The exact cause of bipolar disorder is not fully understood. However, experts believe that a number of different factors act together and make a person more likely to develop the condition. These are thought to be a complex mix of physical, environmental and social factors.
Chemical imbalance in the brain
Bipolar disorder is widely believed to be the result of chemical imbalances in the brain. The chemicals responsible for controlling the functions of the brain are called 'neurotransmitters', examples of which include norepinephrine, serotonin and dopamine.
If there is an imbalance in the levels of one or more neurotransmitters, it may cause the symptoms of bipolar disorder. For example, it is believed that abnormal serotonin levels in the brain may affect a person’s mood.
Bipolar disorder is also thought to be linked to genetics. Bipolar disorder seems to run in families, and the family members of a person with the condition have an increased risk of developing it themselves. If one parent has bipolar disorder, there is a 10% chance that their child will develop it. If both parents have bipolar disorder, there is a 40% chance their child will develop it.
However, no single gene is responsible for bipolar disorder and it does not follow that just because a family member has it that others will develop it. Instead, it is thought that a number of genetic and environmental factors act as triggers for the condition.
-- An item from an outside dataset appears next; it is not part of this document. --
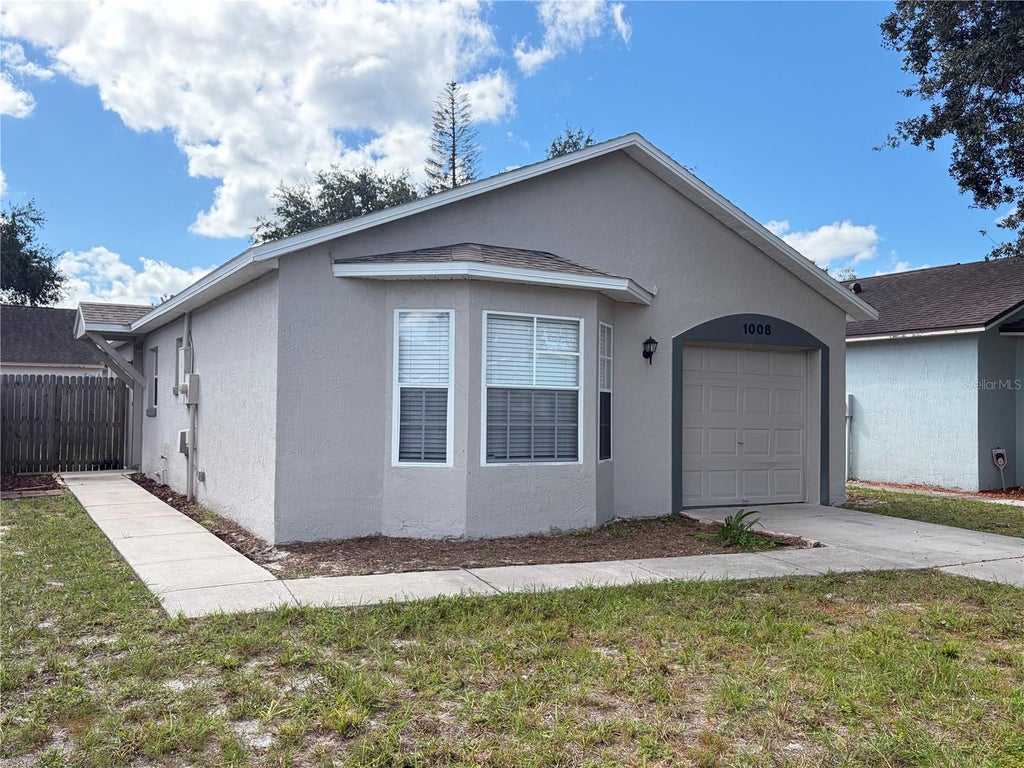 Photo of 1008 Vista Palma Way, Orlando, FL 32825 (MLS # O6452205)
A stressful circumstance or situation often triggers the symptoms of bipolar disorder. Examples of stressful triggers include:
- physical, sexual or emotional abuse
- the breakdown of a relationship
- the death of a close family member or loved one
Bipolar disorder may also be triggered by physical illness, medications or illicit stimulant drugs, sleep disturbances and overwhelming problems in everyday life, such as money problems, work or relationships.
Bipolar disorder is also affected by the seasons, with symptoms of depression and mania more likely to occur in the spring.
Women who are predisposed to bipolar disorder may experience their first episode while they are pregnant or after they have their baby.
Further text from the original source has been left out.